*** Opening of TASK DATA ***

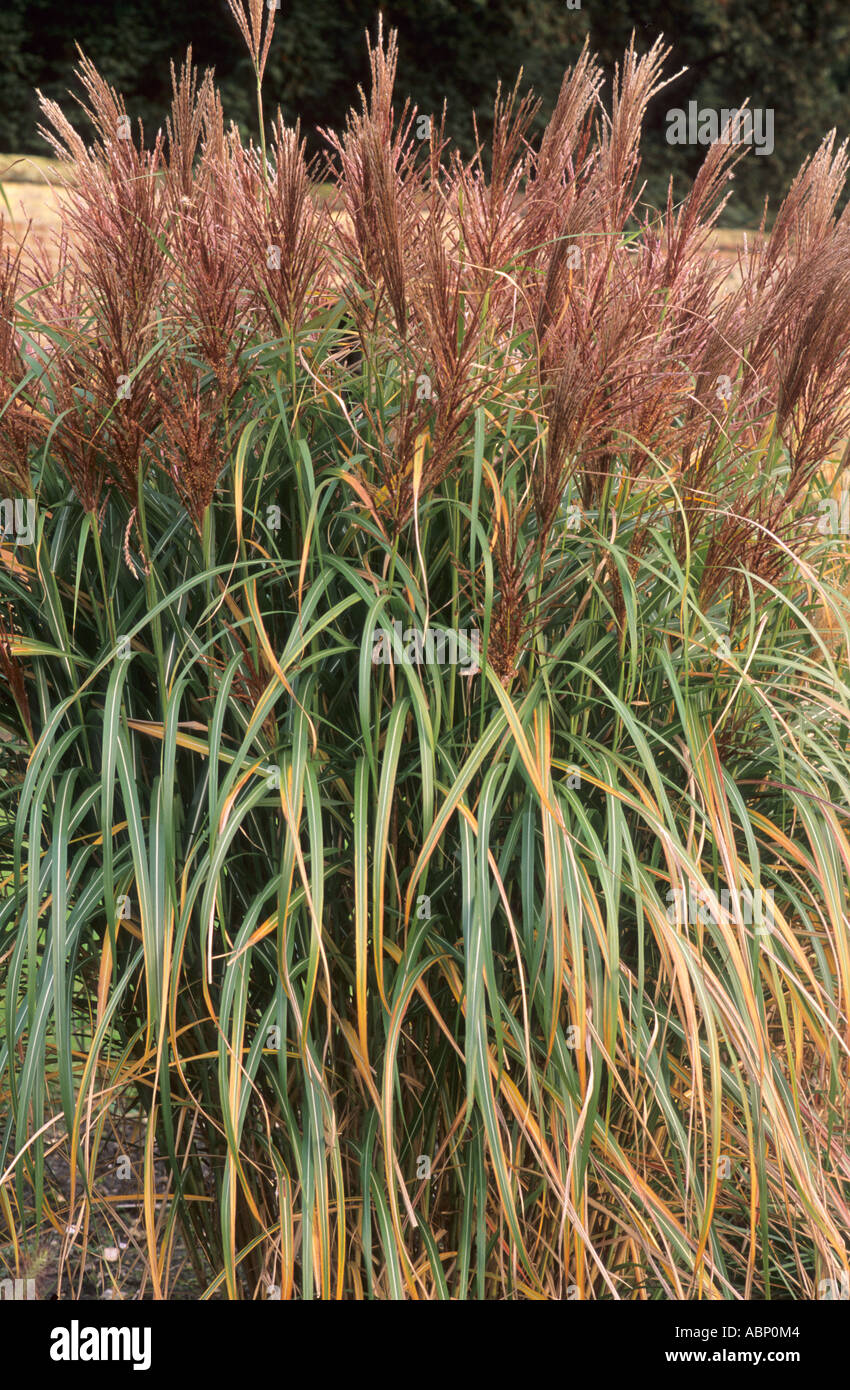 Miscanthus sinensis 'Malepartus' ,Novembre, Colore di autunno, pianta di giardino, erba Foto Stock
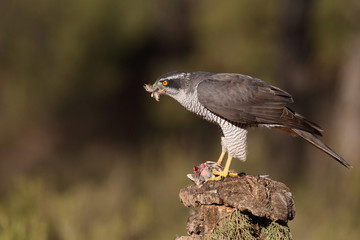 Eurasian goshawk hunting season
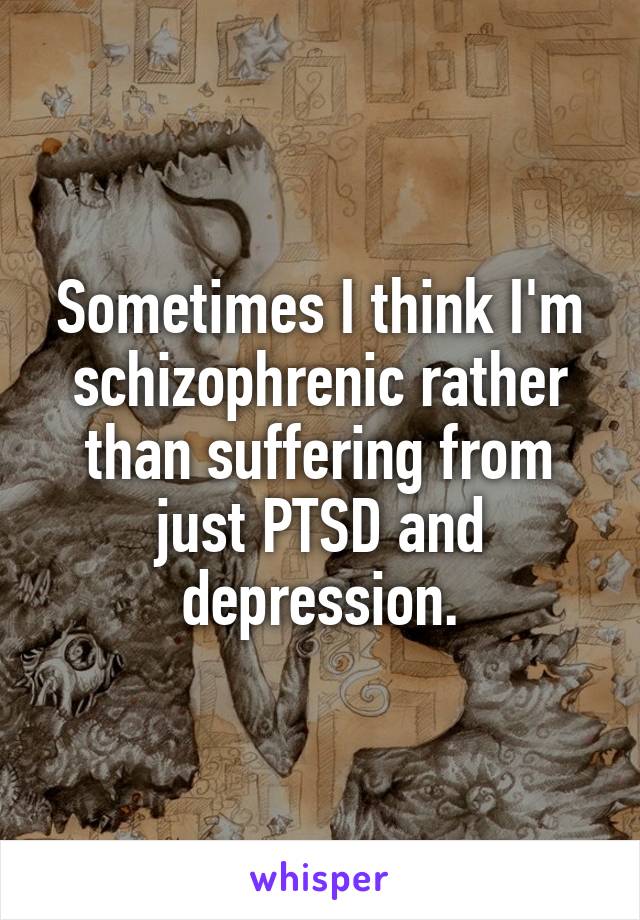 Sometimes I think I'm schizophrenic rather than suffering from just PTSD and depression.
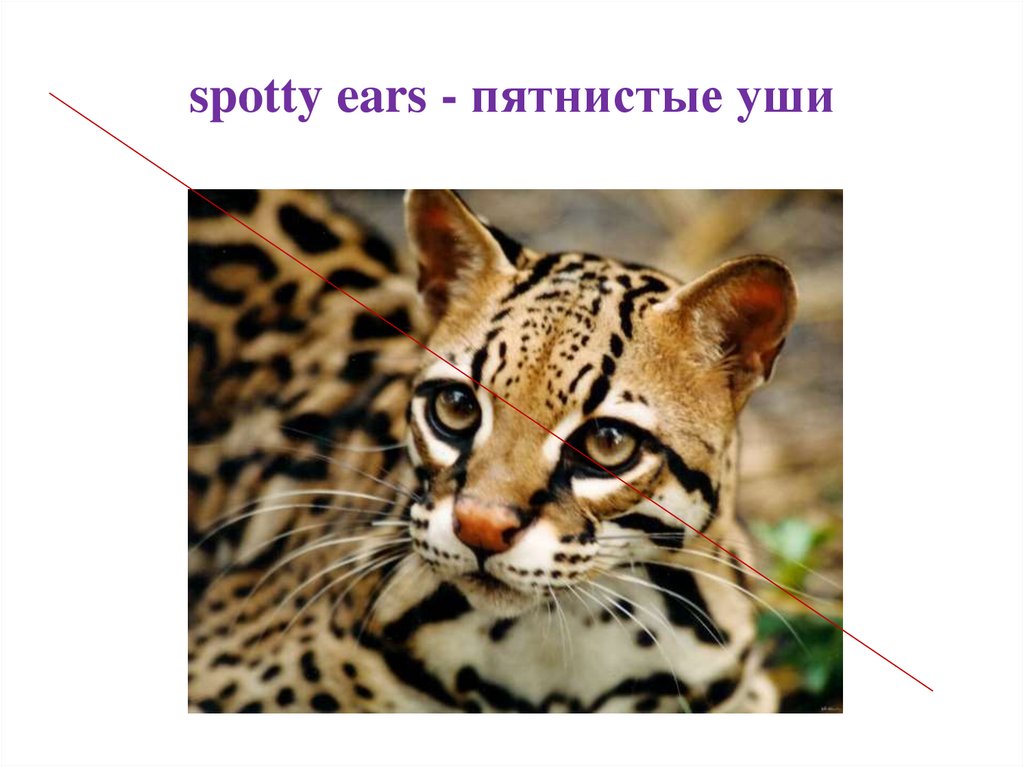 spotty ears - пятнистые уши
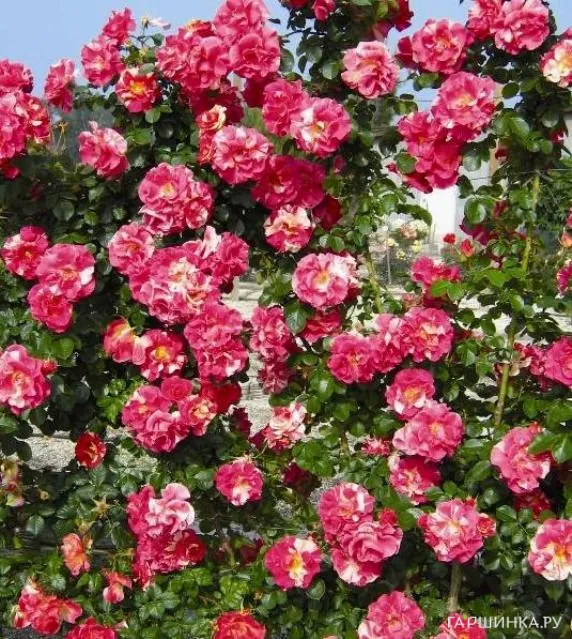 Роза Кэнди Лэнд плетистая, Викс (лиц)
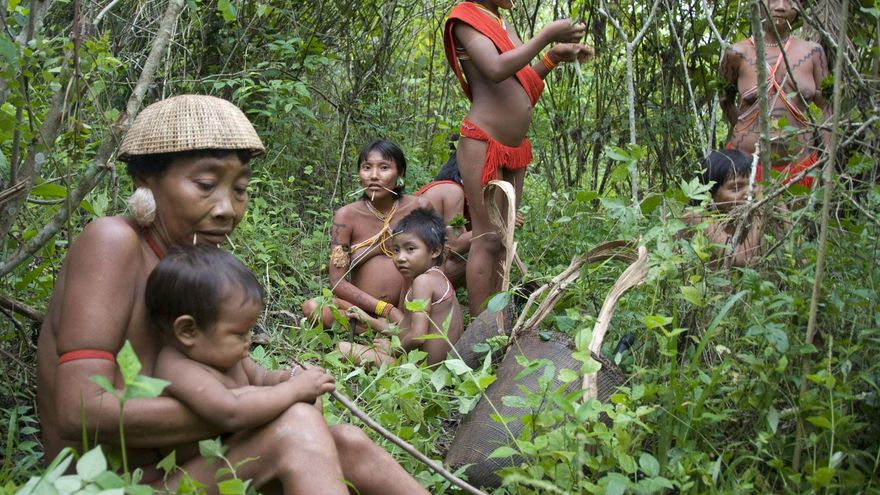Arrasar la Amazonía no era inevitable: la deforestación cae un 50% desde enero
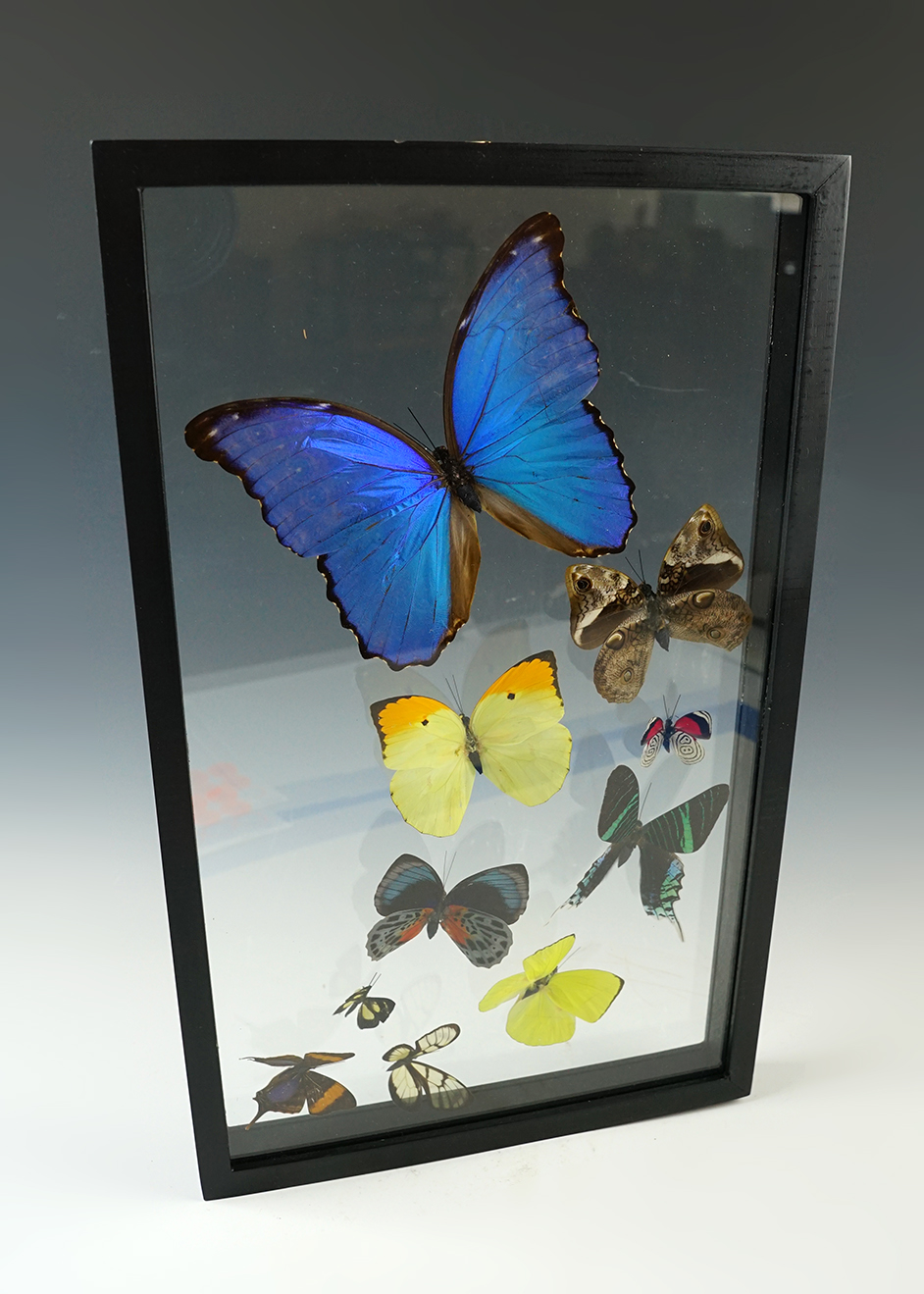 Large 15 3/4" x 9 3/4" beautiful Butterfly display. Includes a colorful blue Morpho.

*** Close of TASK DATA ***

§ **TASK PROMPT**: No pictures belong in the output. It should reproduce exactly the lines from the one containing "Роза Кэнди Лэнд плетистая, Викс (лиц)" through the end of the data, both ends included.

§ **OUTPUT FOR THIS EXERCISE**:
 Роза Кэнди Лэнд плетистая, Викс (лиц)
Arrasar la Amazonía no era inevitable: la deforestación cae un 50% desde enero
 Large 15 3/4" x 9 3/4" beautiful Butterfly display. Includes a colorful blue Morpho.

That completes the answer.